Konuşurken rakamlar da veriyor: Halkın yüzde 90’ı sürece destek veriyormuş. Artık kimse evladının dağa çıkmasını istemiyor. Özellikle hendek olaylarından sonra halkın sabrı taşmış. Diyarbakır anneleri bir şey başardıysa, o da işte bu suskun çoğunluğun vicdanı olmaktı. “Örgüt hem eleman hem alan bulmakta zorlanıyor” cümlesi, yıllardır bu konuda mücadele eden herkesin kulağına müjde gibi geliyor.

Geçmişte kaçan fırsatlara hayıflanıyor Şansi. Özal ve Eşref Bitlis’i anıyor, 2013-2015 yıllarına dönüp üzülüyor. Ama bir fark var diyor: Bu kez süreç daha dikkatli yürütülüyor, halkla beraber yürüyor.
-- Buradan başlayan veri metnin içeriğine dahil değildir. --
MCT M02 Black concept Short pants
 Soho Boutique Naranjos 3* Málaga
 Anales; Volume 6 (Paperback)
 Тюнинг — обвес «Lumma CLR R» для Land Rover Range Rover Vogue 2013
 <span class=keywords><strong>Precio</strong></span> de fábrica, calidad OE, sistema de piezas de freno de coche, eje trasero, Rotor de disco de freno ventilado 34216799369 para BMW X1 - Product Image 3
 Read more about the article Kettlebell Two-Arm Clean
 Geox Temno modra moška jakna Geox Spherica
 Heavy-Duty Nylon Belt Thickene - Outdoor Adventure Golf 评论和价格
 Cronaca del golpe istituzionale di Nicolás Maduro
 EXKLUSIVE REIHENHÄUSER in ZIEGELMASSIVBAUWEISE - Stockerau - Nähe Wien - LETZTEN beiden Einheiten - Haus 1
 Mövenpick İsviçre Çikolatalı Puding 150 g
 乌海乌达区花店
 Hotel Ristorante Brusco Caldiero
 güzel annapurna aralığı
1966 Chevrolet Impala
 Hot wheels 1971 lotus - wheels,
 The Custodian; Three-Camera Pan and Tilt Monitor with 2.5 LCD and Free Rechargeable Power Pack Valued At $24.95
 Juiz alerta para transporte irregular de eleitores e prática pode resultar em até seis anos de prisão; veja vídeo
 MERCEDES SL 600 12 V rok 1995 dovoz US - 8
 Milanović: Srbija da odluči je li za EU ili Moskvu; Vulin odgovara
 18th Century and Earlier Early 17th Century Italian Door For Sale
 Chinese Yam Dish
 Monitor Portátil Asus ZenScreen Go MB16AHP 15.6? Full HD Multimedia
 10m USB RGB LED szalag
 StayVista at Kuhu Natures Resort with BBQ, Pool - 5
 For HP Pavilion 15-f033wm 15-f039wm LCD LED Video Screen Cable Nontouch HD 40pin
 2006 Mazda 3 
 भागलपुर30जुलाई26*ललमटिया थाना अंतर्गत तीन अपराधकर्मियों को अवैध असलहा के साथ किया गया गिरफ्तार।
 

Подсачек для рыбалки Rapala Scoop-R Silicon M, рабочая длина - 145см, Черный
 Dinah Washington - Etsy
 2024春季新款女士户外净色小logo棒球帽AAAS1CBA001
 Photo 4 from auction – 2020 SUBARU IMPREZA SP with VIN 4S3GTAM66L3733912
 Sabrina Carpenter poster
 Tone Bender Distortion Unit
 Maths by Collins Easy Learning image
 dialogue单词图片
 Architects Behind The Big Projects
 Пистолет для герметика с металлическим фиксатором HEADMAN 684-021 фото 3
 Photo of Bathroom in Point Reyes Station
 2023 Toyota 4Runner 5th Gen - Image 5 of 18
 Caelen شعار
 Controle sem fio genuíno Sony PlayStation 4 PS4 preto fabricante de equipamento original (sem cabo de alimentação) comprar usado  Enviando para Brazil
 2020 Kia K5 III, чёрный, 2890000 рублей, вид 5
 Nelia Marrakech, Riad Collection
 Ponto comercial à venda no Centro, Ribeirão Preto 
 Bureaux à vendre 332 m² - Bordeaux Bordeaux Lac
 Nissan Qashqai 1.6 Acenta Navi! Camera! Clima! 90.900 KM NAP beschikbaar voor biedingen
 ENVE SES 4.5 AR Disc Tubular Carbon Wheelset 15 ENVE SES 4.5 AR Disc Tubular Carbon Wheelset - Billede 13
Yeni anayasa konusuna da geliyor laf. Erdoğan’ın çağrısını sadece hukuki değil, toplumsal bir ihtiyaç olarak yorumluyor. “Belki Kürtçe’nin resmi dil olması bile tartışılabilir” diyor ama ekliyor: “Ne olursa olsun, yeter ki kan dökülmesin.” Çünkü bir anayasadan beklenen artık sadece kanunları yazmak değil, kanı durdurmak.

Sözün sonunda umutla bakıyor geleceğe Hüseyin Şansi. Terörden arınmış bir Türkiye’nin Ortadoğu’ya da nefes olacağını düşünüyor. “Filistin’in bile kurtuluşuna vesile olabilir” diyor inançla. Belki birileri için fazla iyimser gelir bu sözler, ama bu topraklarda artık karamsarlıkla bir yere varılmayacağını herkes öğrenmiş olmalı.